There was no rioting in Edmonton in 2004
There was no rioting in Calgary in 2005
There was no rioting in Ottawa in 2007*

*Actually there were plans for a riot but since it was Ottawa, they didn't have time to do the environmental impact study, economic report, parliamentary vote and translate all the riot signs into french so it got canceled


----------



## MannyP Design (Jun 8, 2000)

Last night's riot is nothing compared to soccer riots in Europe. Get a grip, folks. It's nothing new -- there are a-holes in every crowd. Stop pretending Canucks fans decided to riot en masse; anybody can buy a jersey.


----------



## Oakbridge (Mar 8, 2005)

Interesting post by Damien Cox of the Toronto Star this morning. Not sure if the link will hold up over time and my apologies if it doesn't.

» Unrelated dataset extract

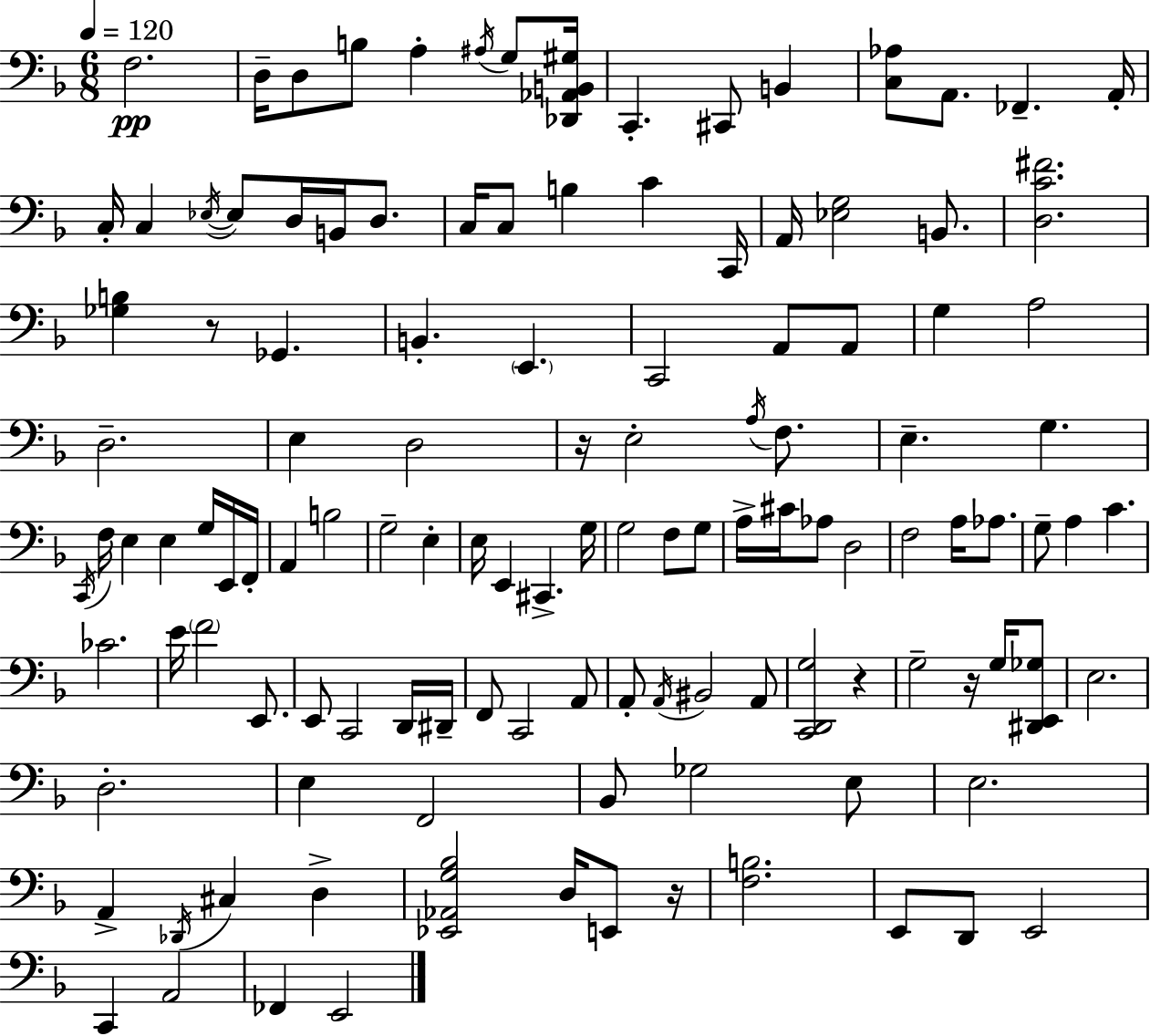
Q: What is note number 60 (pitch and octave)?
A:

I picked on the comment by Alain Vigneault in his post-game interview last night. As a former coach, I thought it was a terrible display of sportsmanship, or lack thereof. The series was over.



bryanc said:


> I can't disagree that Boston was the better team. Indeed, I thought they were the better team throughout the series, and that they deserved to win. But I don't think it was really because they beat the Canucks to the puck more often; the Canucks had great offence, and pretty solid defence. The difference was goal tending. Luongo was good, but Thomas was fricking phenomenal.
> 
> Cheers


I disagree that the Canucks had great offence. They scored 8 goals in a 7 game series!!! That is not great offence. During last year's final, Jonathon Toews was criticized for being "non-existant" during the finals because he was held off the scoresheet. But that was because the Flyers set up their defensive strategy to contain him. The benefit that last year's Blackhawks team had was that they had a second, third, and fourth line that could outperform any of the Flyer's other lines. In other words they had a supporting cast. I'd say that Boston had the same advantage this year. 

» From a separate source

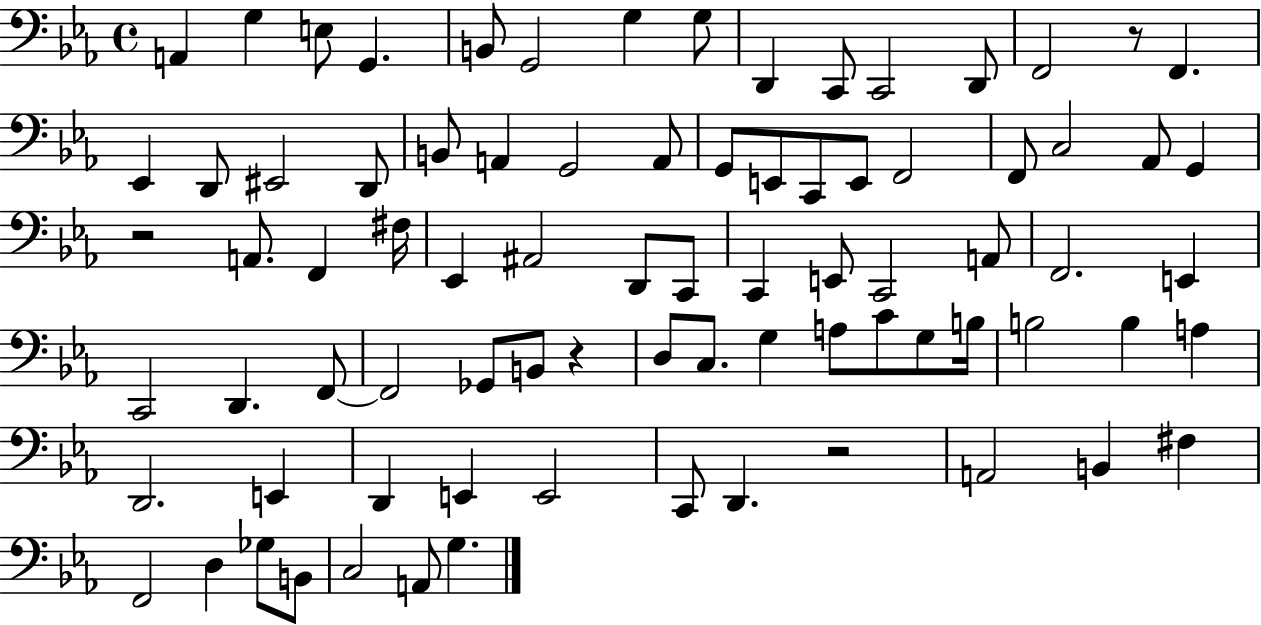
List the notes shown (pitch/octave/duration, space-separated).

A2/q G3/q E3/e G2/q. B2/e G2/h G3/q G3/e D2/q C2/e C2/h D2/e F2/h R/e F2/q. Eb2/q D2/e EIS2/h D2/e B2/e A2/q G2/h A2/e G2/e E2/e C2/e E2/e F2/h F2/e C3/h Ab2/e G2/q R/h A2/e. F2/q F#3/s Eb2/q A#2/h D2/e C2/e C2/q E2/e C2/h A2/e F2/h. E2/q C2/h D2/q. F2/e F2/h Gb2/e B2/e R/q D3/e C3/e. G3/q A3/e C4/e G3/e B3/s B3/h B3/q A3/q D2/h. E2/q D2/q E2/q E2/h C2/e D2/q. R/h A2/h B2/q F#3/q F2/h D3/q Gb3/e B2/e C3/h A2/e G3/q.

People lose sight of the fact that Boston was close in every single game that they lost. Losing by 1 goal in each of the games on the road clearly shows that you're playing at your best when you're at a disadvantage. On the other side, Vancouver was horribly outplayed when they didn't have their home ice advantage. 

For those that aren't aware of the rules, home ice, in addition to having the tremendous support from your fans, also gives you last change. The visiting club has to put their line out first whenever there is a whistle (except for icing) and then the home team puts out their line. You hear the term 'matching lines', this is where the home ice advantage comes into play.

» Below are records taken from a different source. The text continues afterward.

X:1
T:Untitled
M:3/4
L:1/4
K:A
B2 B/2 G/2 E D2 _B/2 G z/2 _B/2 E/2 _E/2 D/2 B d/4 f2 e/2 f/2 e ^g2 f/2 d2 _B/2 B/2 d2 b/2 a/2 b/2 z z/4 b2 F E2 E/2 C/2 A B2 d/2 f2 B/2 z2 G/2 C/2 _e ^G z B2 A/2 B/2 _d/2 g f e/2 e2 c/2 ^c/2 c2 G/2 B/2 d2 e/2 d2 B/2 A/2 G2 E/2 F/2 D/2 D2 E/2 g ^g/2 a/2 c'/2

I was in Vancouver for the last few days of the Olympics last year with my teenage kids. I'll admit that I was a little worried after we left the Closing Ceremonies due to the bad history that Vancouver has had during big events like this (i.e. 1994 Stanley Cup). It was a joy to realize that all of the celebrating was happy and peaceful. I was proud of the way Vancouver behaved during the entire Olympics. Looking at last night, I'd hate to think of what might have happened that same night if Canada had lost the Gold Medal hockey game.


----------



## Macfury (Feb 3, 2006)

Oakbridge said:


> I was proud of the way Vancouver behaved during the entire Olympics. Looking at last night, I'd hate to think of what might have happened that same night if Canada had lost the Gold Medal hockey game.


But nobody "lost" the Olympics.


----------



## bryanc (Jan 16, 2004)

MacGuiver said:


> The most frightening aspect of this is if people are prone to this kind of behaviour over a bloody hockey game, how much worst would their behaviour be in the event of a real crisis like a food shortage or an economic collapse?


This is an interesting point. How much of the hooliganism is a function of 'sports' and how much is just an indication of the erosion of social order? I have always thought that professional sports brings out an ugly aspect of tribalism in otherwise civilized people, but it may not be true.


----------



## gmark2000 (Jun 4, 2003)

Some of these troublemakers were going to be out in downtown Vancouver win or lose. Again, those drunken hooligans are not Vancouver Canucks fans. They are young, opportunistic misfits from outside the city who do not represent the character of the City that wonderfully hosted the world last year.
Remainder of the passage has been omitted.